La propriété privée et la concurrence sont le passé et bien que ce passé continue à exister nécessairement dans le présent, elles continuent à être le passé.
Il faut toujours savoir voir les concepts qui sont derrière les mots prononcés et les raisons qui sont derrière les mots qui ne sont pas dits.
La bataille pour notre idéal de coexistence humaine sera entre les mains des générations actuelles de jeunes Cubains qui affrontent en leur temps des défis différents de ceux qu'ont affronté les générations révolutionnaires du XX° siècle mais également grands et importants et aussi plus complexes.

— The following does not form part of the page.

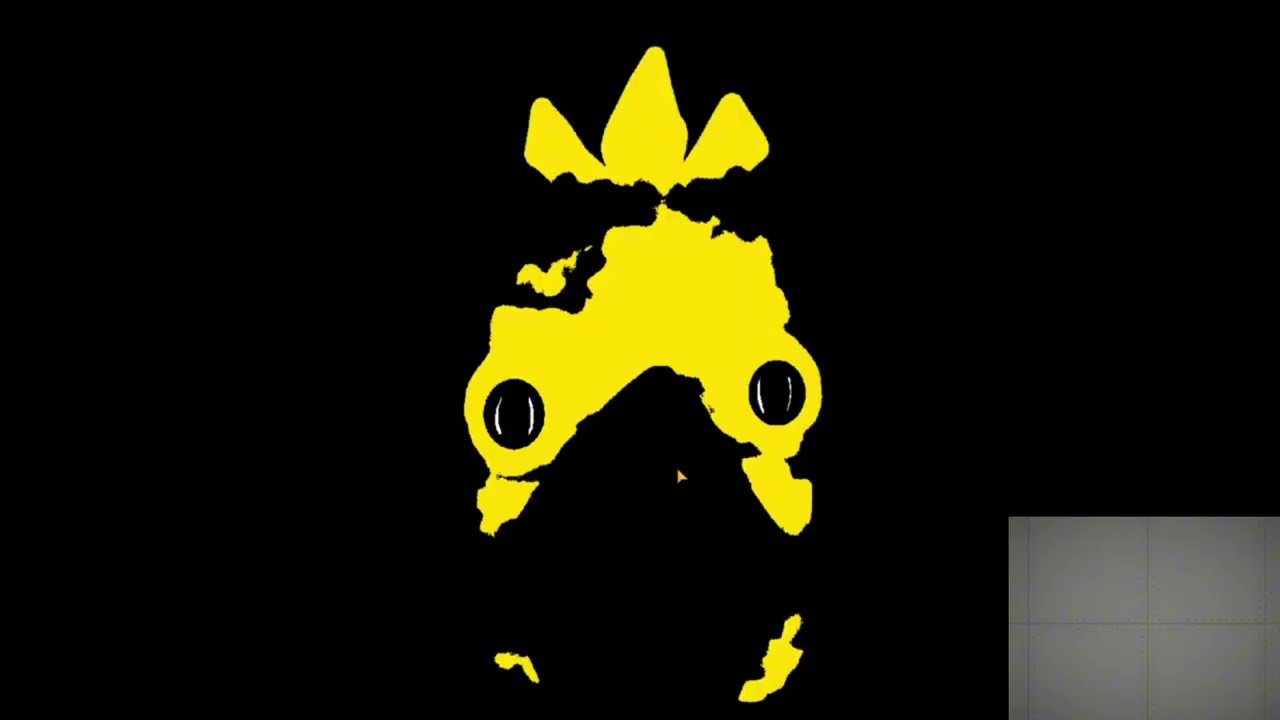 Fnaf weird mobile port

En analysant la complexité de leurs défis, je leur confesse que je voudrais entrer à nouveau à l'Union des Jeunes Communistes dont j'ai actuellement le carnet (Nº7784, de 1963) sur ma table. Je continue à être communiste mais je dois accepter que je ne peux pas continuer à être "jeune". Mais je peux partager avec les jeunes l'analyse de ce qui se dit aujourd'hui et la révélation de ce qui ne se dit pas et construire avec eux les outils intellectuels dont nous avons besoin pour les batailles à venir.
José Martí a écrit en avril 1895: La pire guerre qu'on nous fait est celle de la pensée, gagnons-la par la pensée".